Cut over a cloud workload

Cutover is when you direct traffic away from the source region and to the workload in the target region. After cutover, you can decommission the workload in the source region. To reduce costs and data deltas, you want the period between migration and cutover to be short. Here's the high-level process to cut over a cloud workload.

Diagram showing the relocation process and highlights the Cutover step in the Move phase. In the relocation process, there are two phases and five steps. The first phase is the Initiate phase, and it has one step called Initiate. The second phase is the Move phase, and it has four steps that you repeat for each workload. The steps are Evaluate, Select, Migrate, and Cutover.

Test and validate migrated services and data. Test and validate the workload and dependencies to ensure the relocation was successful. Investigate and remediate bugs or issues related to scripts built by the relocation delivery team. You should run user acceptance tests (UATs). It's a best practice to assign different users to various parts of the application for UAT. You want to receive confirmation from users that the workload functions before switching the endpoints.

Switch endpoints. You should execute the cutover plan from the Select step of the relocation process. Have a failover strategy in place for urgent fixes.

Validate traffic. Validate the traffic is routed to the target region, for example, by running smoke tests. You should communicate the relocation progress to users so they're informed. Also, check the workload metrics and logs to confirmation the workload is working properly.

Fix if necessary. If something goes wrong, you should implement the failover plan or apply an urgent fix to stabilize the deployment.
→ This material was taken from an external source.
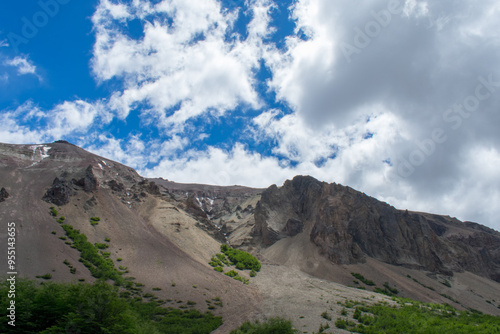 Mountain sides south of Chile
Review operational configurations. Make sure you turn on or configure the new workload environments, including the updated artifacts (config files, wikis, readme), infrastructure as code (IaC), pipelines for your new environment. You should follow all Azure Advisor recommendations and configuring items such as backups, security controls, logging, and cost reporting.

Next steps

Repeat the Move phase for each workload. If you have more workloads to relocate, return to the Evaluate step and repeat the four steps of the Move phase until you complete the relocation project. Otherwise, you need to formally close the relocation project.

Close project. After you're done relocating, you should officially close the relocation project. Closure should take place two weeks after the final cutover. You need time to assess the success of the relocation and create a report for stakeholders to review. Business and technical stakeholders should review the report and approve.

Modernize workloads. Depending on the state of your workload, you might want to continue with our adopt guidance for modernizing workloads with Azure platform-as-a-service solutions (PaaS) or conduct a well-architected review to determine areas of improvement.